There are a few errors here:

1. You do not need to separate the force into a parallel and perpendicular component. A force acting completely perpendicular to the moment arm will still impart a change to the object's linear momentum.

   Think of this using conservation of linear momentum. If your thruster ejects a particle of exhaust gas with linear momentum p, the ship's linear momentum must change by -p for the conservation law to be satisfied - no matter what direction p is pointing.

2. Torque in 2D is just a scalar (a single float in this context), not the vector you've computed here.

   We can get this scalar by pretending our moment arm and force are 3D vectors in the xy plane (with z = 0), taking the 3D cross product there, then keeping the only non-zero component (z), which will have a positive or negative sign as desired.

   Depending on your coordinate conventions, you might need to reverse the sign here to get the rotation to occur in the desired direction.

3. You're missing a delta time term. Force divided by mass gives you an acceleration, measured in \$\frac m {s^2}\$. To get a delta-V we can add to a velocity measured in \$\frac m s\$, we need the units to match first. So we need to multiply this by the duration of time we're accelerating for in this simulation tick.
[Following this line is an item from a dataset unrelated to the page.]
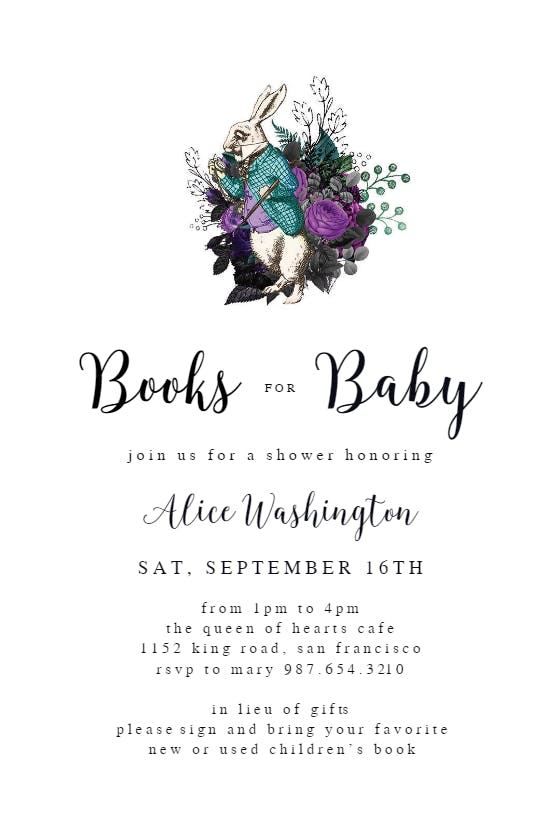 Books for baby - baby shower invitation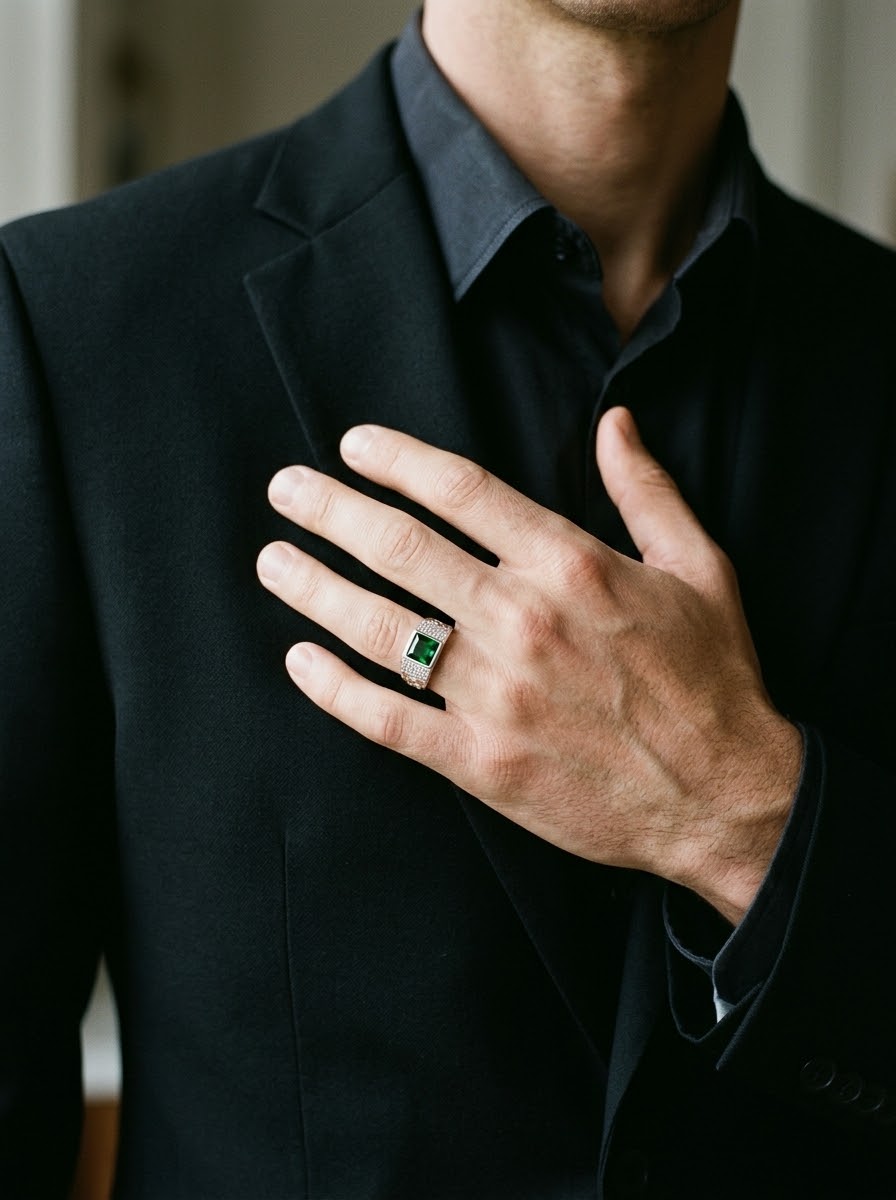 Emerald Prestige Men’s Ring – 925 Sterling Silver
   Even if you're using a fixed time step so this value is always the same, it's still worth defining it as a constant somewhere and multiplying it through. That way, if you ever need to change your simulation step size, you can change it in one place and most of your physics will just work, rather than needing to go re-tune every thrust value in your game.

4. To go from a torque to an angular acceleration, you need to divide by the object's moment of inertia. This accounts for not only the object's total mass, but also how that mass is distributed around the pivot.

The corrected code would look something like this:

Vec momentArm = (Vec)MomentArm(thruster);
Vec force = MathUtil.Smooth(MathUtil.PolarToCartesian(thruster.CurrentForce, -thruster.OutputAngle));

// 2D "cross product" is just a scalar.
float torque = momentArm.x * force.y - momentArm.y * force.x;

Velocity += force * deltaTime / mass;
RotationVelocity += torque * deltaTime / momentOfInertia;